Suppose M is an arbitrary smooth manifold and D is its bundle of 1-densities.
On the category of finite-dimensional vector bundles over M and linear differential operators between them
there is a contravariant endofunctor that sends a vector bundle E to E*⊗D
and a differential operator f: E→F to the adjoint differential operator f*: F*⊗D→E*⊗D.
Applying this endofunctor to the standard de Rham (cochain) complex 0→Ω^0(M)→Ω^1(M)→⋯→Ω^n(M)→0
with morphisms being de Rham differentials we obtain another (chain) complex 0←Λ^0(M)⊗D←Λ^1(M)⊗D←⋯←Λ^n(M)⊗D←0
with morphisms being codifferentials.
Here Λ^k(M) denotes the bundle of k-polyvectors (kth exterior power of the tangent bundle).
What is the exact relationship between the homology of this complex and the usual singular (co)homology of M?

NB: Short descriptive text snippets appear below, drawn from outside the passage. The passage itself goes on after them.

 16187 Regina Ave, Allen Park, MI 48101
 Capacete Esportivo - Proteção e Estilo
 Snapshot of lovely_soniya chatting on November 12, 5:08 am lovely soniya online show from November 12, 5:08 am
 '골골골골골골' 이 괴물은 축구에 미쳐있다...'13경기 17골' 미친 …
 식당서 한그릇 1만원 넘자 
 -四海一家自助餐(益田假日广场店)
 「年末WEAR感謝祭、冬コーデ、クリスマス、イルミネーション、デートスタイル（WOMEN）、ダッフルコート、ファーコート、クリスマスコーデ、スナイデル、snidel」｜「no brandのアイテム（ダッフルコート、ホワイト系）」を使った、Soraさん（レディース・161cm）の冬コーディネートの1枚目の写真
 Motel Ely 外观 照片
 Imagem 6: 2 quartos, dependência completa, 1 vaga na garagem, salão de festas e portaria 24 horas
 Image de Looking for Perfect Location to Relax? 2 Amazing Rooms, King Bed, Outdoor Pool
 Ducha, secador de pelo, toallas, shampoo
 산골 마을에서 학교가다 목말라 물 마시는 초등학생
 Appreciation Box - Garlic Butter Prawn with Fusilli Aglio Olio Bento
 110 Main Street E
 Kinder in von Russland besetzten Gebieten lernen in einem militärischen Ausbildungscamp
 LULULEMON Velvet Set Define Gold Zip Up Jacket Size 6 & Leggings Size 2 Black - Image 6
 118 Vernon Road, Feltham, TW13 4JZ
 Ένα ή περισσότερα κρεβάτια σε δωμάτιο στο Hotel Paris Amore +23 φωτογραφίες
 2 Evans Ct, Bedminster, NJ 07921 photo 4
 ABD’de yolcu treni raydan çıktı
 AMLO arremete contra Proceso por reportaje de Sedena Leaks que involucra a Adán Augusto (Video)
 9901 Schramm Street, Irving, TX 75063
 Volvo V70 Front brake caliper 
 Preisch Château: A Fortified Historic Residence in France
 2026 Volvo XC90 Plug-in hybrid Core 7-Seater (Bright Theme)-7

Using Hodge duality we can rewrite this complex as
0←Ω^n(M)⊗W←Ω^{n-1}(M)⊗W←⋯←Ω^0(M)⊗W←0,
where W is the orientation bundle.
It looks like the answer should be some standard fact from the 1950s,
therefore any references will be appreciated.
Best Answer
When you dualize the bundle of differential forms and multiply it with the line bundle of top forms, you get differential forms again, and not polyvector fields.